讲座内容：

Let $A$ be a $r\times r$ rational nonzero symmetric matrix, $B$ a rational column vector, $C$ a rational scalar. For any integer lattice $L$ and vector $v$ of $\mathbb{Z}^r$, we define Nahm sum on the lattice coset $v+L\in \mathbb{Z}^r/L$:

\begin{align*}\label{eq-lattice-sum}

f_{A,B,C,v+L}(q):=\sum_{n=(n_1,\dots,n_r)^\mathrm{T} \in v+L} \frac{q^{\frac{1}{2}n^\mathrm{T} An+n^\mathrm{T} B+C}}{(q;q)_{n_1}\cdots (q;q)_{n_r}}.

\end{align*}

If $L$ is a full rank lattice and a proper subset of $\mathbb{Z}^r$, then we call $f_{A,B,C,v+L}(q)$ a rank $r$ partial Nahm sum. When the rank $r=1$, we find eight modular partial Nahm sums using some known identities. When the rank $r=2$ and $L$ is one of the lattices $\mathbb{Z}(2,0)+\mathbb{Z}(0,1)$, $\mathbb{Z}(1,0)+\mathbb{Z}(0,2)$ or $\mathbb{Z}(2,0)+\mathbb{Z}(0,2)$, we find 14 types of symmetric matrices $A$ such that there exist vectors $B,v$ and scalars $C$ so that the partial Nahm sum $f_{A,B,C,v+L}(q)$ is modular.

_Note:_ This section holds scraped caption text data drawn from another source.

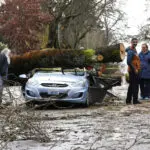 What to know about a storm bringing high winds, heavy rain, snow to California and Pacific Northwest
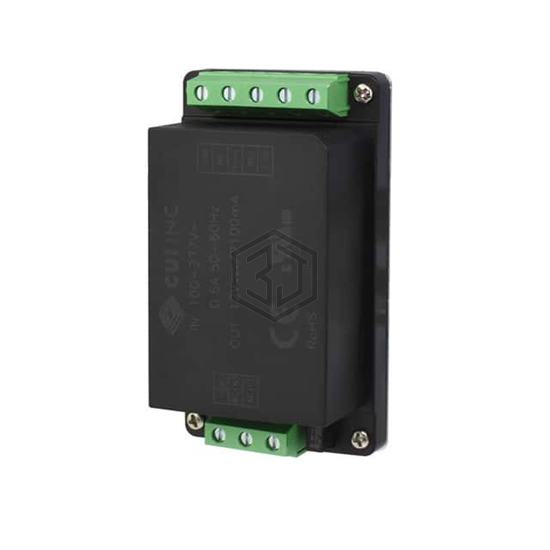 PSK-25W-15-DIN - CUI Inc. - Industrial, DIN Rail Power Supplies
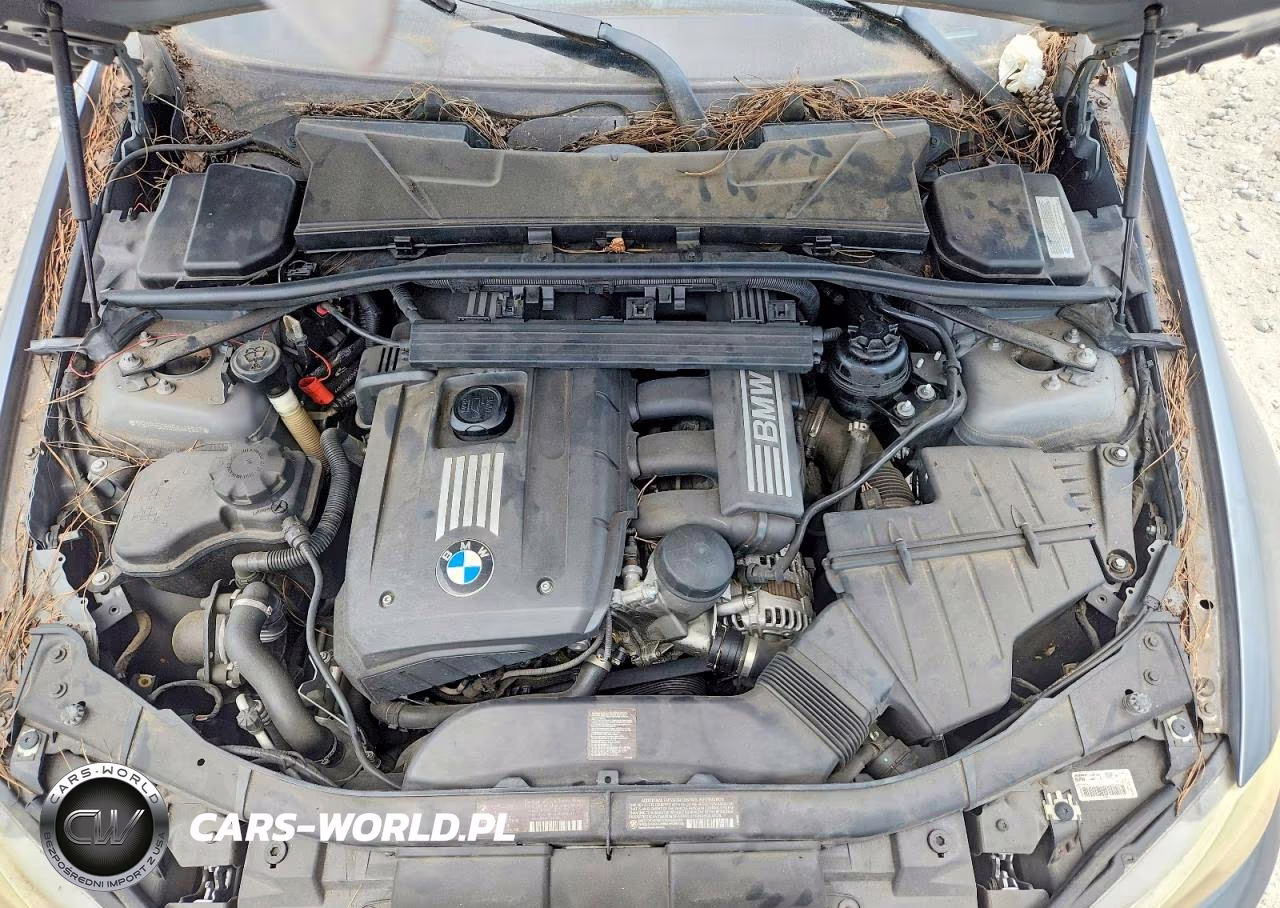 2011 BMW 328 I Sulev VIN:WBAPH5C58BA445947 - 11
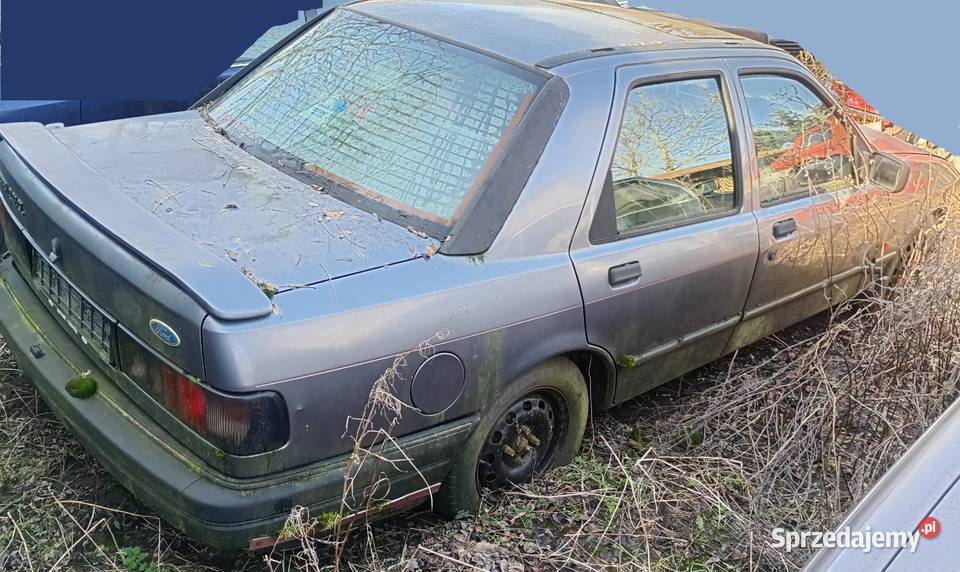 Ford sierra 20 EFI kujawsko-pomorskie Bydgoszcz sprzedam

We establish Rogers--Ramanujan type identities for the corresponding partial Nahm sums which prove their modularity. In particular, for two mod 10 identities we employ a transformation formula involving two Bailey pairs to transform the partial Nahm sums to some Hecke type series, and then we convert the series to the desired infinite products.

This talk is mainly based on joint works with Wentao Zeng and Changsong Shi.